Enno Jacobson, vice president of risk management for Challenger Motor Freight, says his company hedges between 25 and 30 percent of its fuel purchases. For him, hedging is a no-brainer in this twitchy energy environment.
"If you’re a trucking company, you have to look at hedging as insurance," he says. "You can look at it purely on a speculative basis to make money, but that’s not the game we’re in. We’re basically trying to protect our margins. At the end of the day, it’s a risk management tool."
But isn’t hedging itself risky as those folks who locked into distillate futures last fall found out after diesel prices plummeted over the next 10 months?
True enough, says Aaron Fennell of MF Global Canada, but even moreso is the decision not to hedge. "It used to be that hedging wasn’t necessary because prices didn’t move that fast. That’s not the case anymore," he says. "Basically, not hedging is just as much a speculation. Because if the price goes up, you’re stuck just the same. Saying ‘we could lose if we do this’ isn’t really a valid argument because not doing it often costs you more money."
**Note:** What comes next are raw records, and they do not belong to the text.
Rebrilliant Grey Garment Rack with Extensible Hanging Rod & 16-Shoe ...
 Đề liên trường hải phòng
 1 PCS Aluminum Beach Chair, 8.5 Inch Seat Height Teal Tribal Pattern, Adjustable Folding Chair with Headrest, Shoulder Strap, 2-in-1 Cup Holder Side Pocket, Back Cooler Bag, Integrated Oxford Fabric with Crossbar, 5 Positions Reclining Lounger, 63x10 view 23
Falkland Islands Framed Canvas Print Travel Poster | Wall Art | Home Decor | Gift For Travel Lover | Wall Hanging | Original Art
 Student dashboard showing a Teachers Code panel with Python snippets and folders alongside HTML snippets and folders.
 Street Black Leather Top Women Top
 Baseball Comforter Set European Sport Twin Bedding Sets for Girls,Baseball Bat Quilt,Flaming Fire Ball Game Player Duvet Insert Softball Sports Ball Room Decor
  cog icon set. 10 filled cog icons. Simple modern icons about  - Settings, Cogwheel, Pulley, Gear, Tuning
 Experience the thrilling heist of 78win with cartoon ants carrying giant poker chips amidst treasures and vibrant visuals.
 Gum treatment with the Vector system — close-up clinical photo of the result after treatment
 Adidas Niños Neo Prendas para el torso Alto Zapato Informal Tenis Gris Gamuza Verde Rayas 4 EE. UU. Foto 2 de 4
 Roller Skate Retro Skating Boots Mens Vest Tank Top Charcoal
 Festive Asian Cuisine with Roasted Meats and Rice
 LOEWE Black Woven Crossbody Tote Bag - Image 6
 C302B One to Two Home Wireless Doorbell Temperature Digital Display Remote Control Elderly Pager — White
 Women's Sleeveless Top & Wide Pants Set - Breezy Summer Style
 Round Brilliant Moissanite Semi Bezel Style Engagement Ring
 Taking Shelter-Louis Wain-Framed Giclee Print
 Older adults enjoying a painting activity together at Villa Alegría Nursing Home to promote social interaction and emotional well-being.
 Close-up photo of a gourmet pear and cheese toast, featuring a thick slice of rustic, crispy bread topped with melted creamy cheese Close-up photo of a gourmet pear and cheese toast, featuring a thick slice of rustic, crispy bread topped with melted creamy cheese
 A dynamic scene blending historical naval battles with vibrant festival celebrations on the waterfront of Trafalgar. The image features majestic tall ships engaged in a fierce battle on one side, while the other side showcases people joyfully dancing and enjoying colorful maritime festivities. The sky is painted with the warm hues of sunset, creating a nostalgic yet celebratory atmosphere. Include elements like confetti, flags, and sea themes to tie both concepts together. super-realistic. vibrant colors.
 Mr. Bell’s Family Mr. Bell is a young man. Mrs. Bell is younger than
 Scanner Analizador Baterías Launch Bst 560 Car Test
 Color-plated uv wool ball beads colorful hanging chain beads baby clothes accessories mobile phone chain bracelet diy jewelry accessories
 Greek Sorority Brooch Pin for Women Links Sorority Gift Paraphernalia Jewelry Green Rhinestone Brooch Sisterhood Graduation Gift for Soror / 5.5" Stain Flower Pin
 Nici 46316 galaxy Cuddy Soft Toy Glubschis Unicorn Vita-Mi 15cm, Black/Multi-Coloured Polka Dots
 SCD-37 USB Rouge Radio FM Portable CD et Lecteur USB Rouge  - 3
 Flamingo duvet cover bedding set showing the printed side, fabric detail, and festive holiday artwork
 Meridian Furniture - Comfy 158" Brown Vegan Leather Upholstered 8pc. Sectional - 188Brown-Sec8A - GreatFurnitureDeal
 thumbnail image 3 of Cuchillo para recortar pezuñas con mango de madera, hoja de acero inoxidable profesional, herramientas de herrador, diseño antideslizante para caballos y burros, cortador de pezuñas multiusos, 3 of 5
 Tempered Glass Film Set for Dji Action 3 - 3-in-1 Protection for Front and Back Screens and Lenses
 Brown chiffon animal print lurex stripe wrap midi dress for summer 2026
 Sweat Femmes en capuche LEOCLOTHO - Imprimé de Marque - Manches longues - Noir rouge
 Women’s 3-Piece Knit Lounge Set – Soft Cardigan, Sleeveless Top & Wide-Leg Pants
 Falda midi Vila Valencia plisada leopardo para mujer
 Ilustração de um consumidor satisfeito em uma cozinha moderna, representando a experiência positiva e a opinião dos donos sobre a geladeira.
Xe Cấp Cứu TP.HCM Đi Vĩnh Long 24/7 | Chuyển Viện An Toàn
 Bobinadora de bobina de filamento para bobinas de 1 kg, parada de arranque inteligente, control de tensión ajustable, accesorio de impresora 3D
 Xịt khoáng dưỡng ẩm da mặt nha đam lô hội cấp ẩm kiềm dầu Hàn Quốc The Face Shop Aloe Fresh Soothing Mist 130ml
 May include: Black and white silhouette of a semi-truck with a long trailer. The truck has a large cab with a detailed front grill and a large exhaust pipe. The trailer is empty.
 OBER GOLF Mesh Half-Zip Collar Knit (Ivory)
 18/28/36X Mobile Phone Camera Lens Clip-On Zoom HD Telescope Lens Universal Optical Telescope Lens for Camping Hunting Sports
Lower fuel prices since the latter half of 2008 have chased fuel buyers away from hedging and into the spot market sandbox. But the price of crude is shooting up again, enticing hedgers to ask themselves if it’s time to get back in the game. So, is it?
Absolutely, says Bob Tebutt, an investing and hedging specialist with Peregrine Financial Group.
"Demand is [on the rise]; we’ve got prices to where they were in 2006-2007, and the economy’s starting to come back. So why wouldn’t [you] be a fuel buyer?" he asks rhetorically. "Once supply and demand are balanced … you start showing price increases, and that’s what we’re seeing now."
But hold on. Fennell says the time to hedge once again is fast approaching, but admits that there’s still plenty of room for diesel prices to retreat between now and the fall.
He says that the lack of economic freight and manufacturing activity is mainly to blame for middle distillate inventories being absurdly high for this time of year. Usually, spring and summer is a seasonal low point as the market recovers from winter’s high home heating demand. Worse, that inventory is expected to rise even further throughout the summer driving season (since each barrel of oil produces both gas and diesel).
As Roger McKnight elaborates: "If the refineries keep ramping up for the gasoline season, a necessary evil in their mind is also the production of distillates. So, those inventories are going to keep growing. That means huge inventory with flattish demand at best."
That bodes bullish for truckers looking for cheaper diesel over the next couple of months. "As we come out of the recession, we’ll also come out with a lot of fuel in the marketplace that needs to get burned," says Fennell, who warns, though, that the window won’t be open long. "Once the economy shows some real signs of life, you won’t have a lot of time to lock into the most desired price. Early fall, I would say, is when we’ll be in a really good position to set up hedges."
Challenger’s Jacobson doesn’t think hedging should be particularly limited to only big fleets. One thing’s for sure, though, hedging isn’t like buying RRSPs. You need to do your homework — constantly — no matter what size your company is.
"You can be small and hedge, but you need to really understand the market, the seasonality of the market, inventory levels and even geopolitics and things like that," says Jacobson. "There is no slam dunk, of course — if there was, guess where I’d be — but staying vigilant is essential."
Who said, again, that trucking is just about hauling from point A to point B?